# Soap stamp with changeable letters?



## MoonBath (Dec 6, 2013)

I'd like to be able to personalize soaps with a stamp. Is there such a thing as a soap stamp on which the letters can be changed out?


----------



## TVivian (Dec 6, 2013)

Yes, I have two, one that does small letters and one that does larger. They can be found in the polymer clay section and the cake decorating section at michaels, hobby lobby, and as I just checked online it says they can be found at Wal mart.. But both can be ordered online. 
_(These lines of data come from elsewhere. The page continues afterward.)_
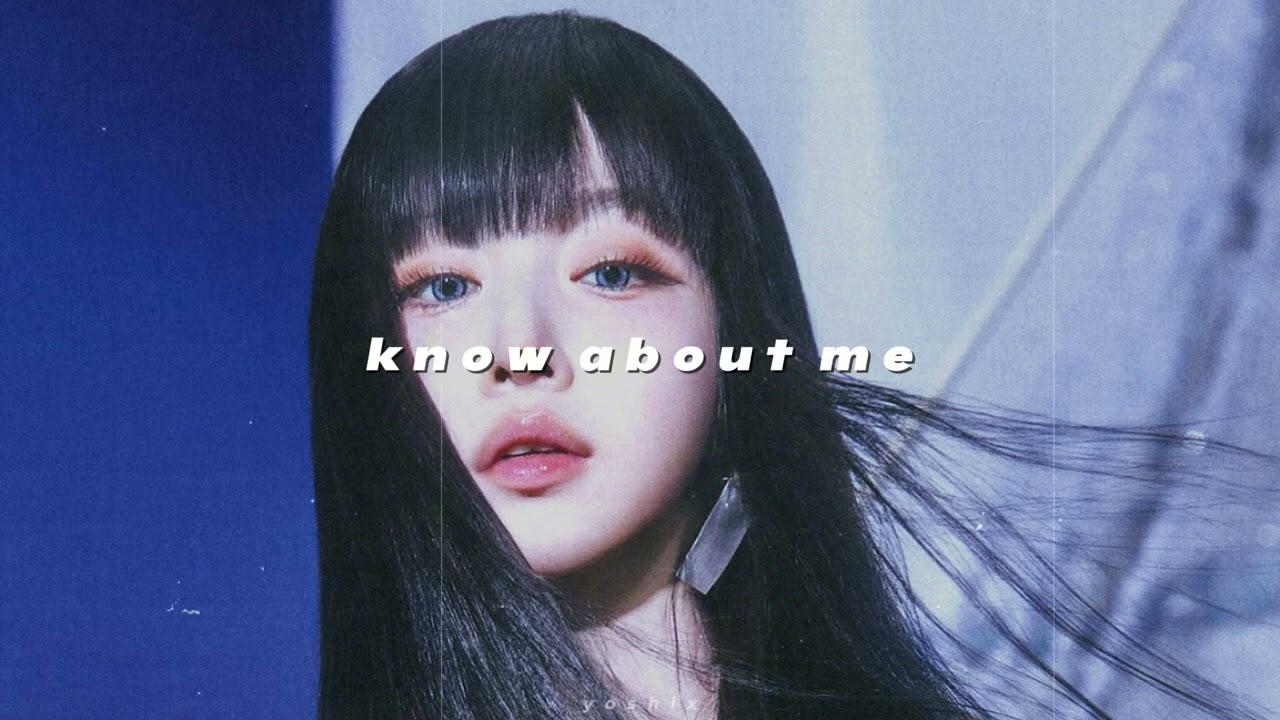 nmixx - know about me (sped up + reverb)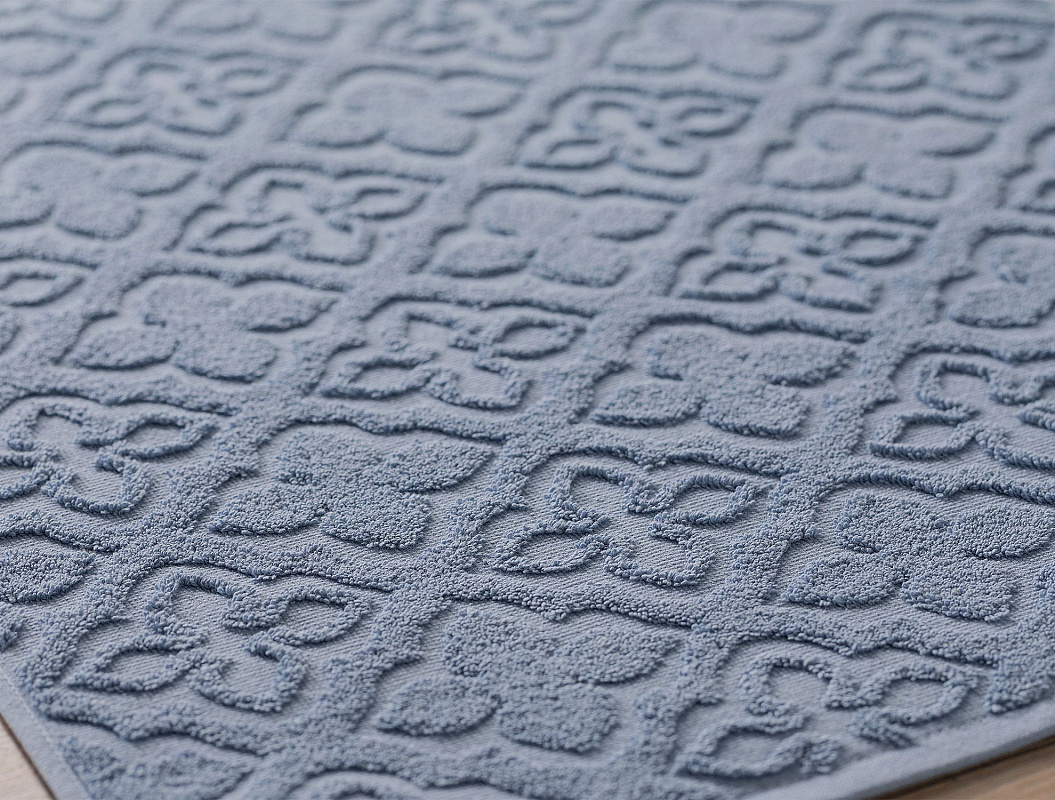 Полотенце для ног Rachel 50x70см - синее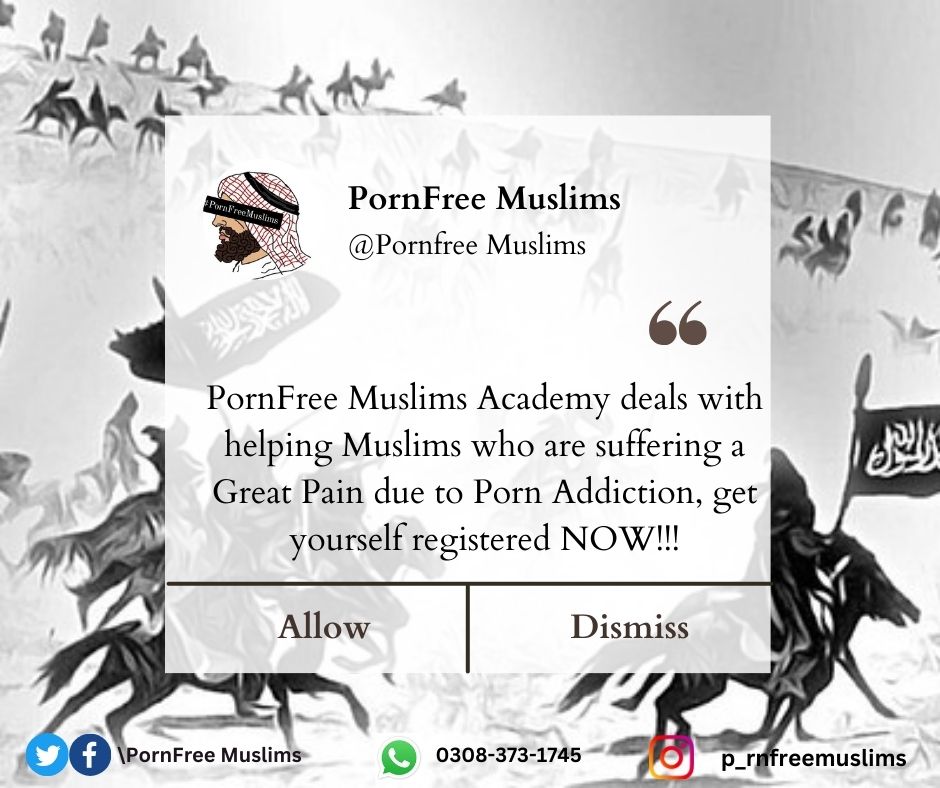 PornFreeMuslims's tweet photo. Message us on WhatsApp by clicking button above OR 03083731745
#pornaddiction #porncure #18plus #18plus_posts  #QuitPorn #nofap #Islam #pornfreemuslims https://t.co/cr1rKhj9my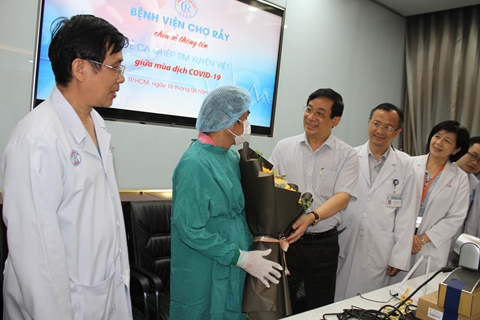 Nơi hồi sinh cho những bệnh nhân cận kề “cửa tử”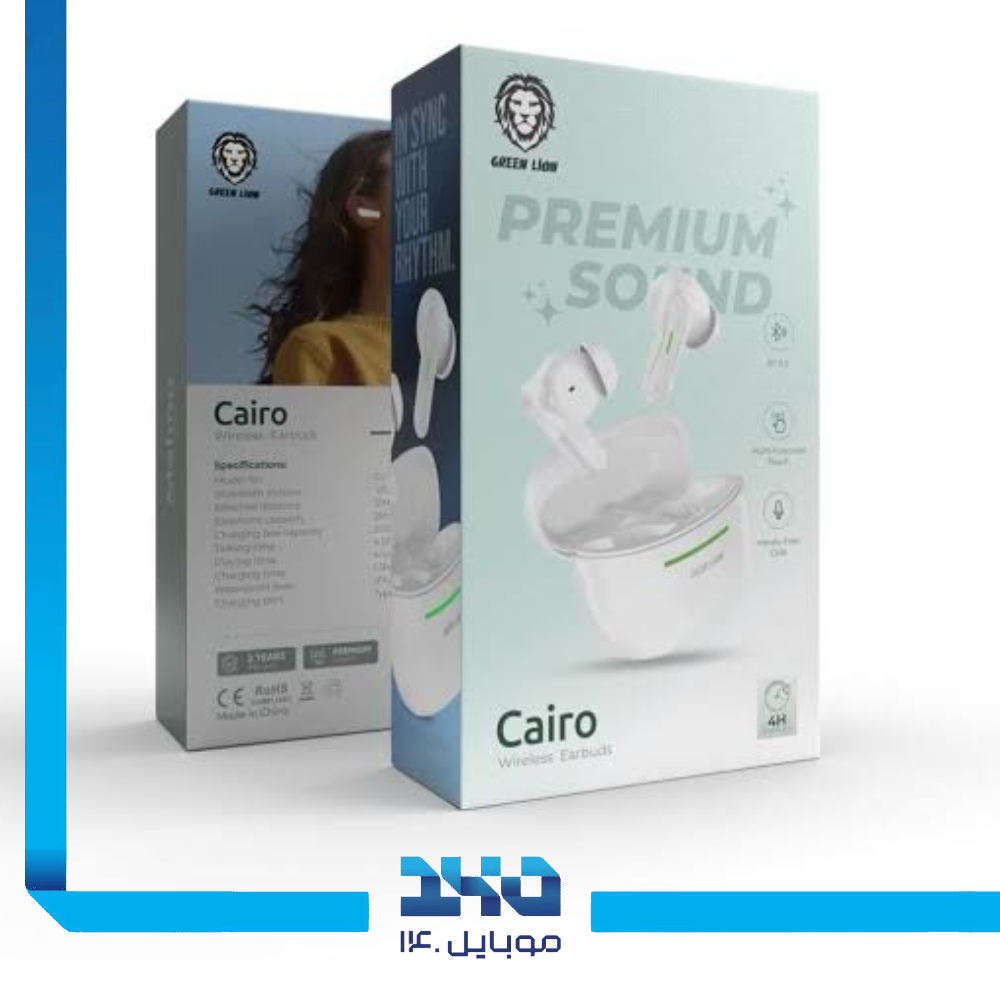 هندزفری بی سیم گرین لاین مدل Cairo Wireless Earbuds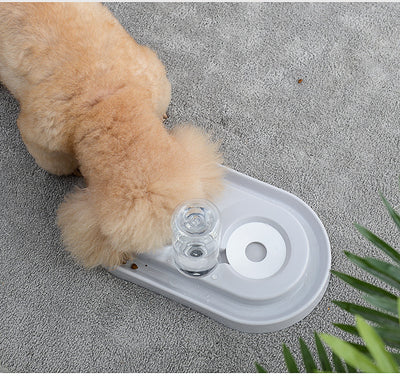 Comedero Automático para Mascotas Anti-derrames con Diseño Impermeable - Image 5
This is the larger one, it's made by "cake boss" and the letter can be stamped easily into soap the letters are about 3/4 inches tall so a short word can fit on a typical bar of soap


 these are the smaller type. The soap has to be cured but still slightly soft and I have some trouble getting the "A" to turn out perfectly.


----------



## TVivian (Dec 6, 2013)

Here are some soaps I stamped to gift to some friends.


----------



## goteeguy (Dec 6, 2013)

Very nice... I might have to take a look for those.  :smile:


----------



## ourwolfden (Dec 7, 2013)

Wow, that is really cool, I had no idea that was out there.


----------



## Jencat (Dec 16, 2013)

Uh oh.  Something else I didn't know I needed :smile:


----------